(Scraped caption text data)
○ ○ ○ ○ ○ ○ ○

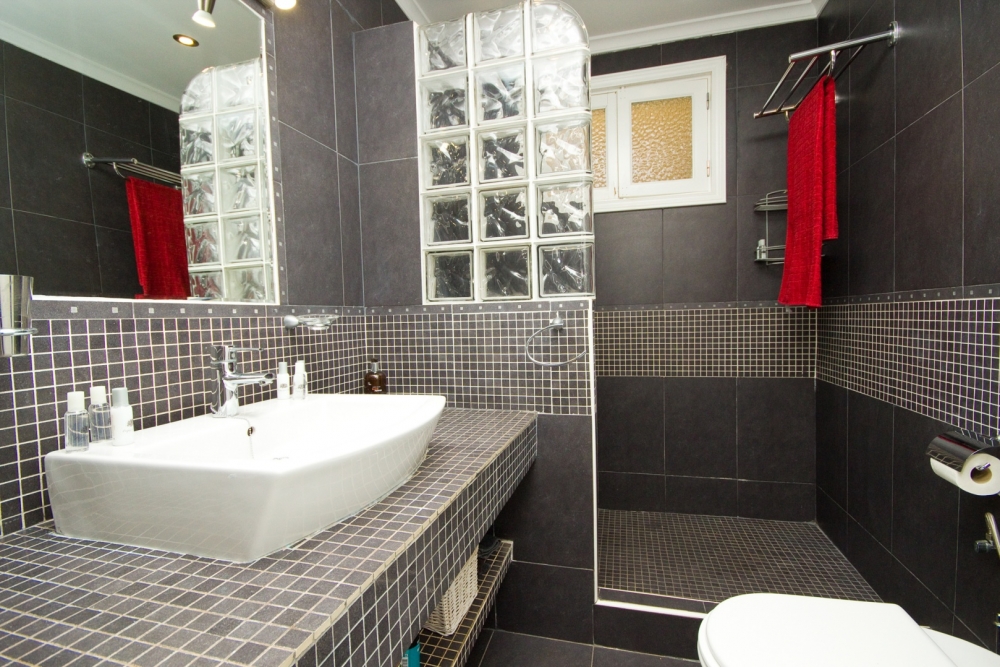 Contemporary Villa with Grand Outdoor Living & Panoramic Views in Puerto del Carmen – photo 11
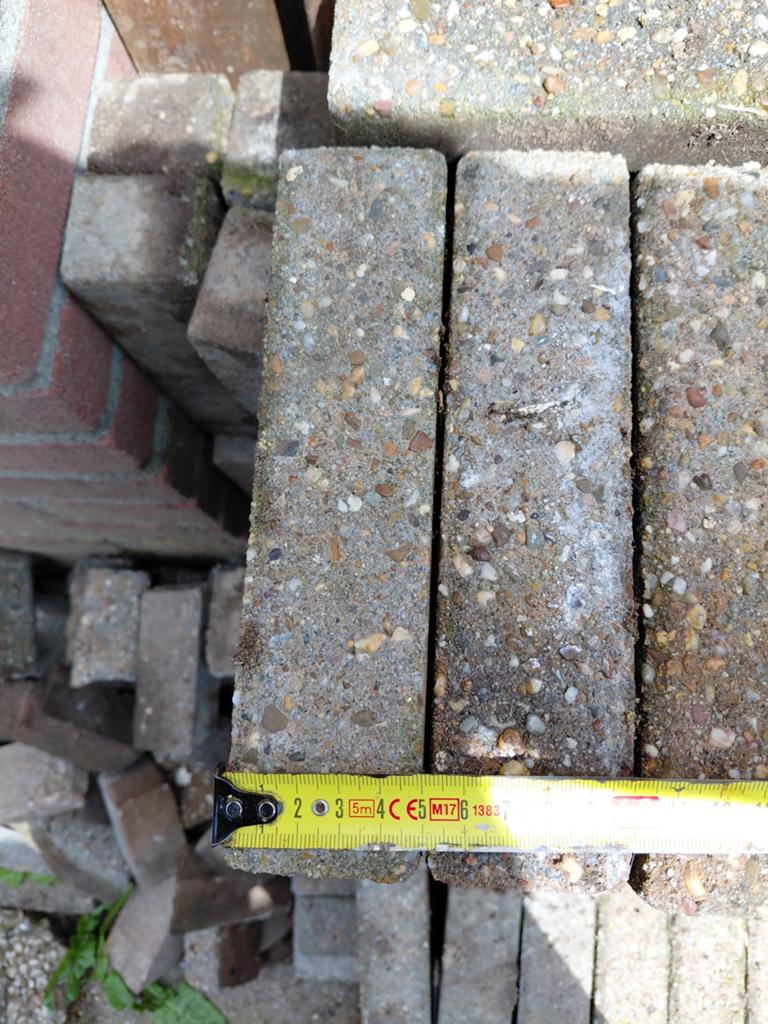 Gratis 6 m2 terras stenen 5x20 cm, Tuin en Terras, Ophalen, Beton, Klinkers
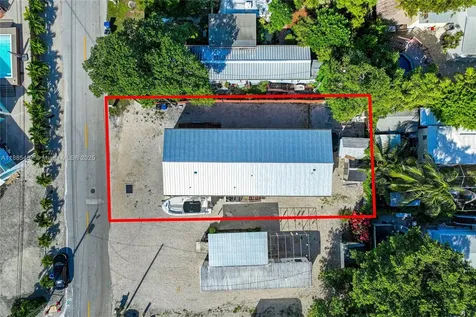 945 Plantation Road Key Largo FL 33037
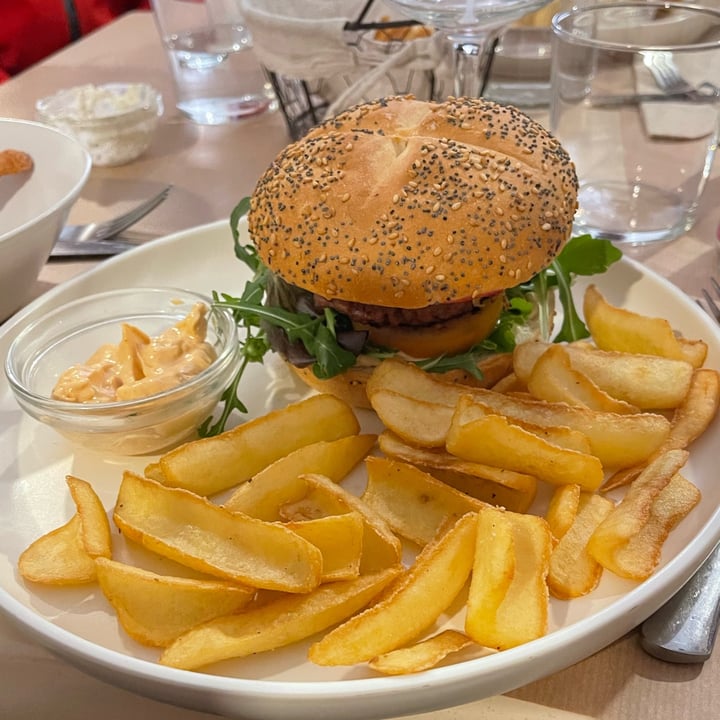photo of Sol Veggie Burger Groumet shared by @ro-ngodrup-dorje on  10 Feb 2023 - review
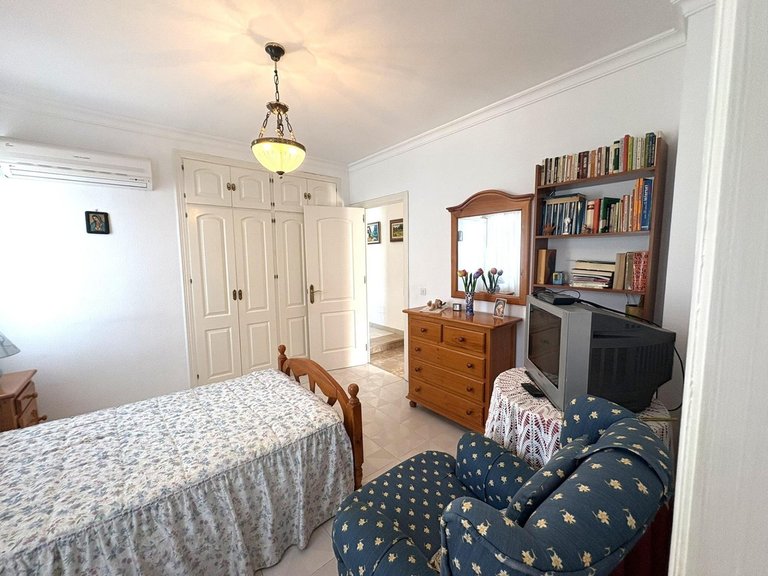 Villa for Sale in Alhaurín De La Torre, Malaga 30
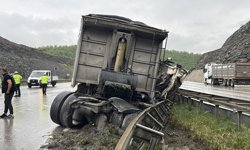 Samsun'da iki TIR çarpıştı: 2 yaralı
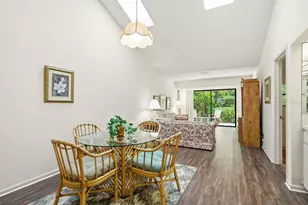 9218 Championship Ln, New Port Richey, FL 34655 - Photo 5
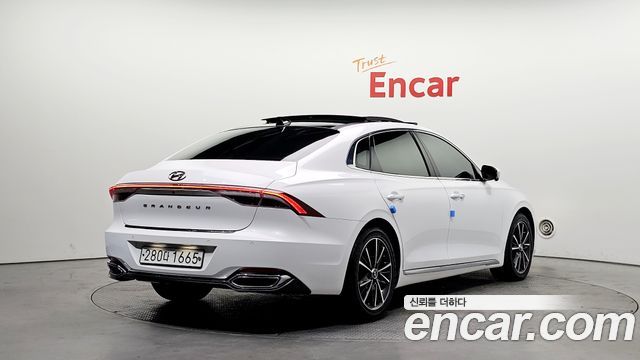 Hyundai Grandeur из Кореи Encar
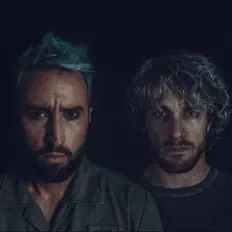 聆聽 Without Sleep、觀看音樂影片、閱讀小傳、查看巡演日期等！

○ ○ ○ ○ ○ ○ ○

YOUR INSTRUCTIONS: Reproduce exactly, with every picture left out, the lines from the one that contains "photo of Sol" to the final line of the records above.

ANSWER SECTION:
photo of Sol Veggie Burger Groumet shared by @ro-ngodrup-dorje on  10 Feb 2023 - review
 Villa for Sale in Alhaurín De La Torre, Malaga 30
 Samsun'da iki TIR çarpıştı: 2 yaralı
 9218 Championship Ln, New Port Richey, FL 34655 - Photo 5
 Hyundai Grandeur из Кореи Encar
 聆聽 Without Sleep、觀看音樂影片、閱讀小傳、查看巡演日期等！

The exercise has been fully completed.